Monday 20 February 2023

Jupiter and Venus on camera

Jupiter and Venus were extremely bright in the sky tonight, but even so, I was surprised I got this picture with just a hand-held Pixel 4a.

18:51 GMT; bright planets, despite all the light pollution


Saturday 4 February 2023

A Crude Look at the Whole

John H. Miller.
A Crude Look at the Whole: the science of complex systems in business, life, and society.
Basic Books. 2015


Most systems in the real world are complex: they are made of very many components, whose non-linear interactions result in high level emergent properties that are not simply related to the properties of those components. How to study such systems? Studying the components in isolation is insufficient: their interactions with each other and with their surroundings are key. Studying the whole system in detail is infeasible: there are too many components and interactions to grasp the whole in detail. So Miller advocates studying the whole as a whole. He devotes individual chapters to different facets of this whole – interactions, feedback, heterogeneity, noise, molecular intelligence, group intelligence, networks, scaling, cooperation, and self-organised criticality; and also the MCMC algorithm for studying these – explains how a degree of understanding can be obtained, and gives a range of examples, covering physical, biological, social, and economic systems.
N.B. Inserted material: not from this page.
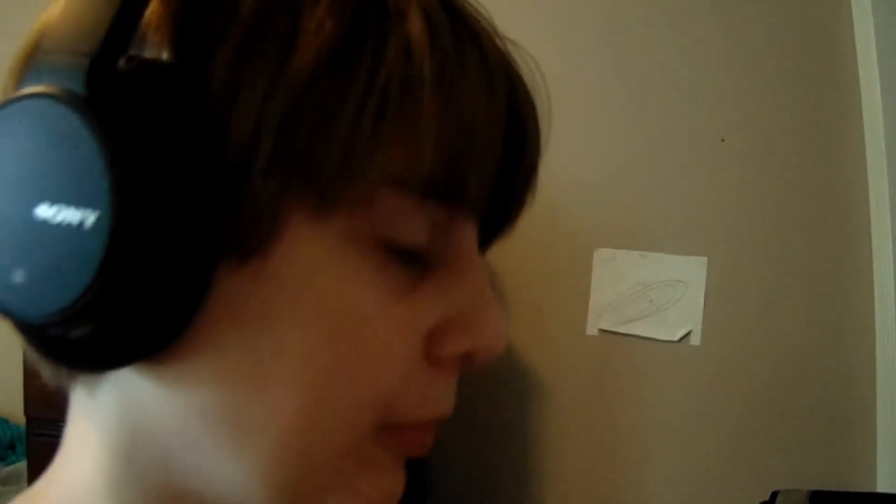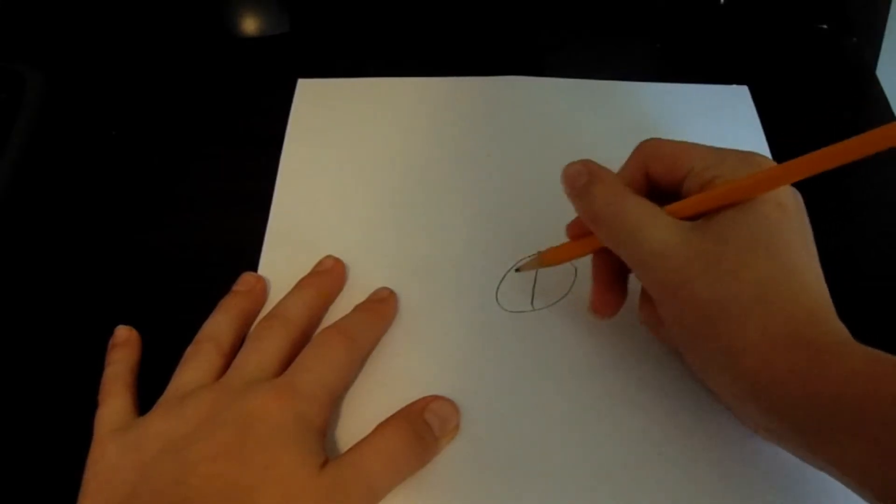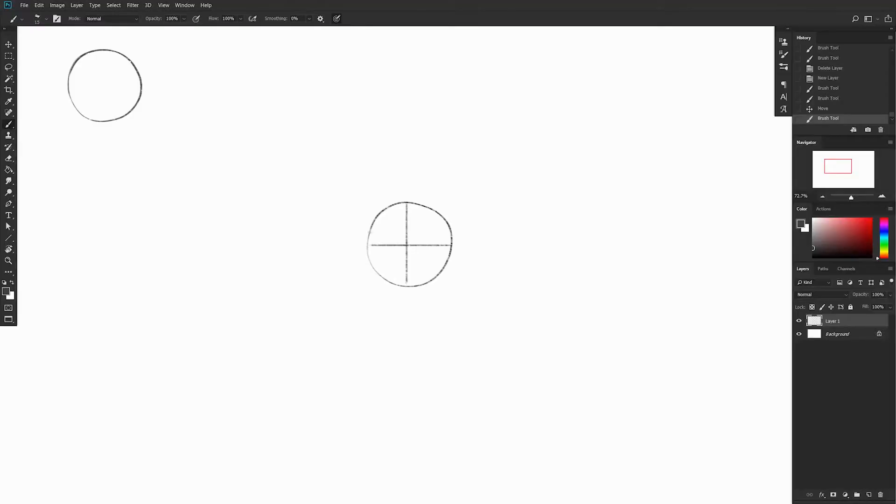Okay, draw two lines down the middle. Got it. Without any perspective, it would look something like this, but that's boring.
There are many fascinating insights along the way. For example, many computer simulations of ‘complex’ systems use (relatively) homogeneous agents. Miller shows how heterogeneous agents (varying in some trait or property) can either stabilise a system against tipping, or cause it to tip more rapidly, depending on the sign of the feedback. So results from homogeneous simulations, and similarly simulations lacking noise, may give quite misleading results.

The chapter on molecular intelligence describes how complex adaptive behaviours (one might call this, intelligence) does not need a brain: complex molecular chemistry, feedback loops, and decay processes, all tuned by evolution, can deliver startling results. Intelligence can also arise from more complex agents interacting through feedback loops: the chapter on group intelligence discusses how swarms of bees can exhibit a group intelligence that no individual bee possesses.

There are also a few peculiarities. For example, in the chapter on noise, Miller discusses a search procedure for finding novel drug cocktails. Such cocktails can be much more effective than the drugs taken individually, since they can interact in non-linear ways (they are not just the sum of their individual effects); Miller states that:

[p92] drugs often interact with one another in surprising ways.

However, only a few pages later, he laments that

[p97] the Food and Drug Administration currently requires that cocktails be tested and approved as a cocktail—an extremely costly process—even when the drugs that make up the cocktail are all individually approved.

Well, yes. Because they often interact with one another in surprising ways.

The majority of the chapters discuss these processes in non-technical ways, and are the stuff of many a popular book on complex systems, although here illustrated with a wider range of examples than usual. The final chapter, however, moves into territory rarely explored in popular books: the MCMC (Markov Chain Monte Carlo) algorithm. (I think the explanation suffers a little in clarity from the understandable desire not to uses any mathematics.) He explains the genesis of the algorithm, invented to model distributions underlying certain physical processes, and how it can be used to understand some of the operations of a complex system:

[p215] The mechanisms that drive adaptive systems, such as evolution, have direct analogs to the key elements of the MCMC algorithm. In short, a complex adaptive system behaves as if it were implementing a MCMC algorithm.

That provides great potential for an explanatory and even predictive approach to complex systems of interacting components. However, I suspect that once the components have ‘true’ intelligence – can apply reasoning to their own actions and actions of others, and change their behaviours based on that reasoning – their recursive natures will make the system even more complex, and a more sophisticated explanatory approach will be needed.

Despite some minor caveats, this is an interesting book, well written, covering a lot of very deep and important concepts.